The idea of my final project is to remove the current sky in an image, and relight the image using an HDR image of the sky. Using HDR images of the sky at different periods during the day, it is possible to create a series of relit images at different times of day. These images can then be strung together into an animated time-lapse image of the sun moving throughout the day.
Because an image is only a 2D representation of the scene, I'm using a similar method to tour into the picture to create a 3D representation of the image. This 3D representation will have a floor, left and right walls, and a back wall, but no ceiling (because it is assumed to be an outdoor scene). The sky in the original image is removed using an alpha channel, and it is assumed that the sky was a constant illumination. Using this the illumination from this sky is subtracted out from the model, allowing for a new sky to be inserted and relight the image.
An ideal image would be an image of a city on an overcast day, with a single point perspective. It also would have the tops of buildings in the image so that the shadows can be determined better.
Here are some examples of this 3D construction from the original image:
|Original Image||Alpha Mask|
|User selected back plane and vanishing point||Calculated planes for each wall|
|3D Representation of the city with sky removed|
To relight the scene I used HDR light probe images from Jean-Francois Lalonde's research. Each of the light probes were rendered from a web camera image at different times of day. I used 151 images over the course of the day, and a sampling of these images can be seen in tone mapped versions below. The colors aren't entirely accurate due to distortions when tone mapped to rgb from hdr.

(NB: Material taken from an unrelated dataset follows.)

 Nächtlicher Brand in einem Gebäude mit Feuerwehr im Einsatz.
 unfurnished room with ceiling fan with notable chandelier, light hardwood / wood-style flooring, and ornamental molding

To create the visibility map for a given point in the image I did the following:
1. Cast a ray from the image point in 3D space to each pixel on the sky dome.
2. See how the angle of this ray compares with the normal at this point. This was caculated using rayDir dot normal
-If this value was less than zero, then the ray is coming from behind and therefore does light the point.

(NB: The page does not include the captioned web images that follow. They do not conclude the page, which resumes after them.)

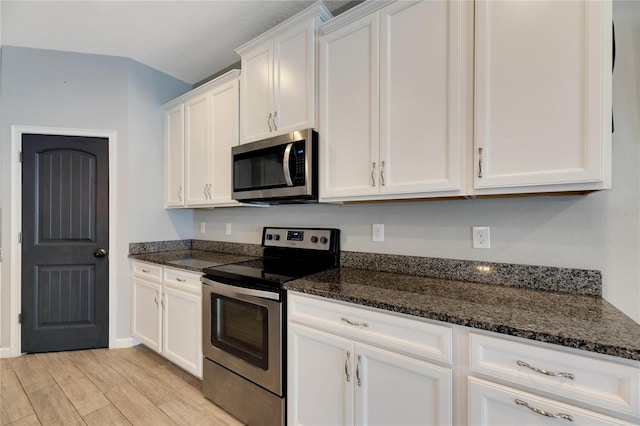 kitchen with dark stone counters, white cabinetry, light hardwood / wood-style flooring, and stainless steel appliances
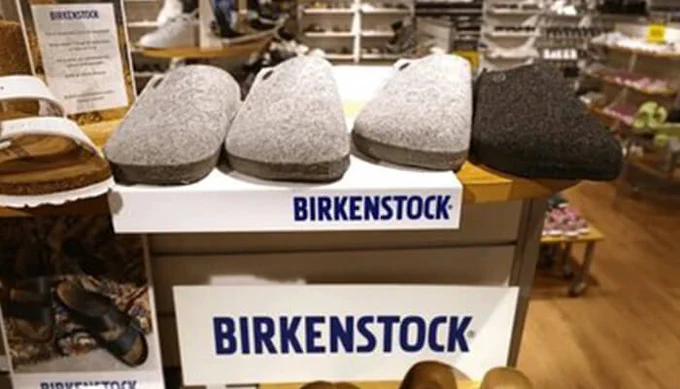 Display of Birkenstock clogs in a retail store with multiple color options arranged on a shelf labeled Birkenstock.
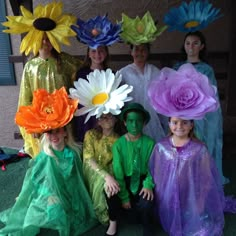 some people are dressed up and posing for a photo with flowers on their heads in front of them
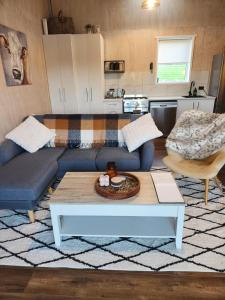 a living room with a couch and a coffee table at Warkworth Barn Retreat in Warkworth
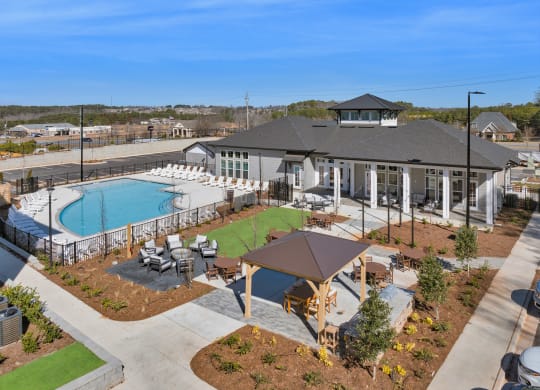 an aerial view of a resort style pool and clubhouse with tables and chairs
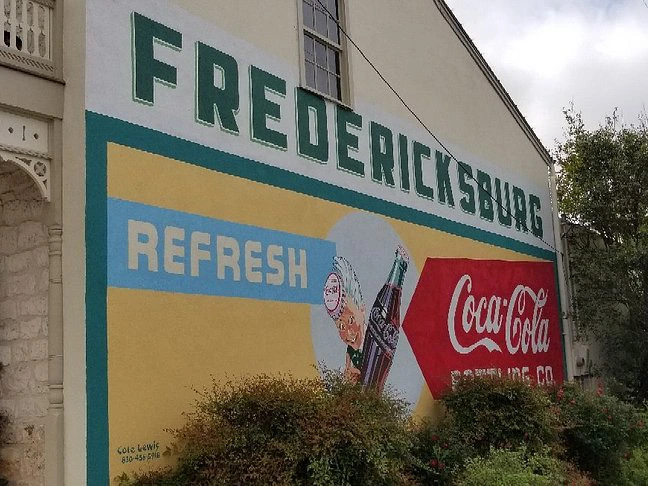 Vintage Coca-Cola wall mural, a fun photo backdrop for a fredericksburg tx bachelorette weekend.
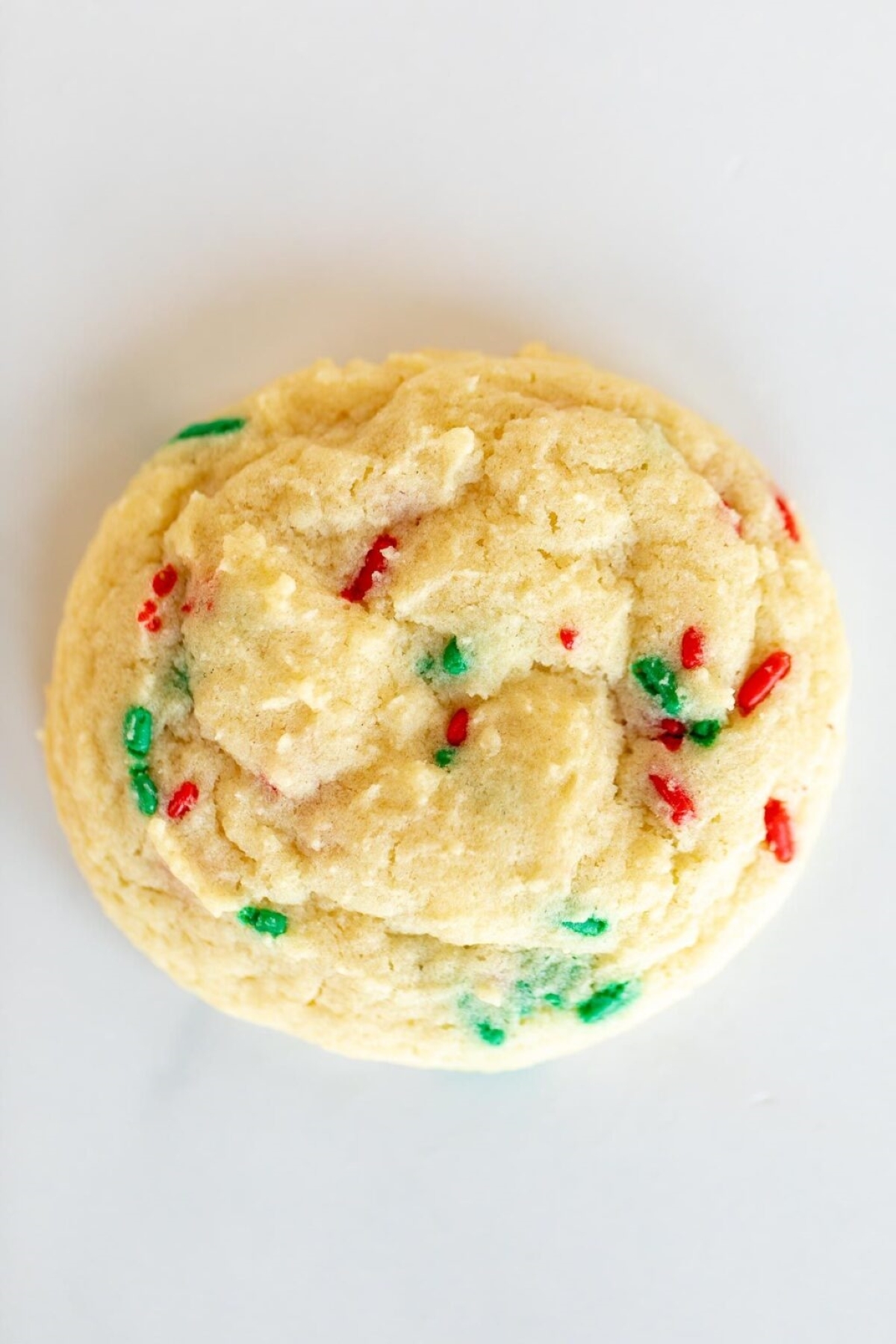 A funfetti Christmas cookie on a white surface.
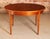 Mid Century round extending teak dining table by Jentique, circa 1960s. Butterfly extension leaf stored underneath....
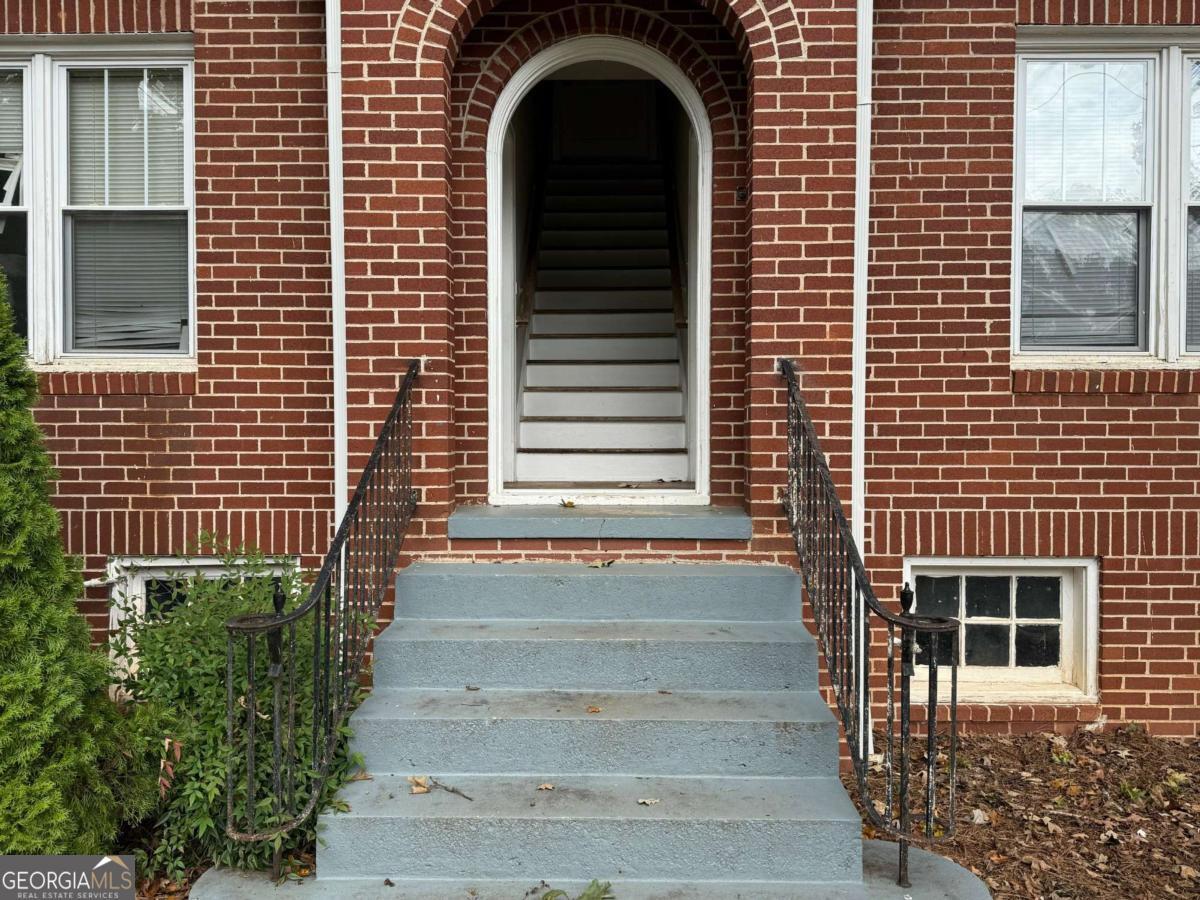 300 Forrest Avenue, Unit B Gainesville, GA 30501 - Photo 2 of 11 a front view of a house with a garage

-Otherwise the ray may light the point if it's not blocked by another surface.
3. Check that another wall doesn't block this ray
-Loop through each of the 3 other walls and see where the ray intersects the plane each wall is in.
-If it intersects the plane before hitting the pixel, then check if it intersects where there are buildings.
-To check this I passed in a coded image that had each wall represented by a number and any part that had alpha=0 represented by a 0 (an example can be seen below).
4. If the ray isn't obstructed, then put the value of rayDir dot normal in the visibility map.
Otherwise, put a value of 0 in the visibility map.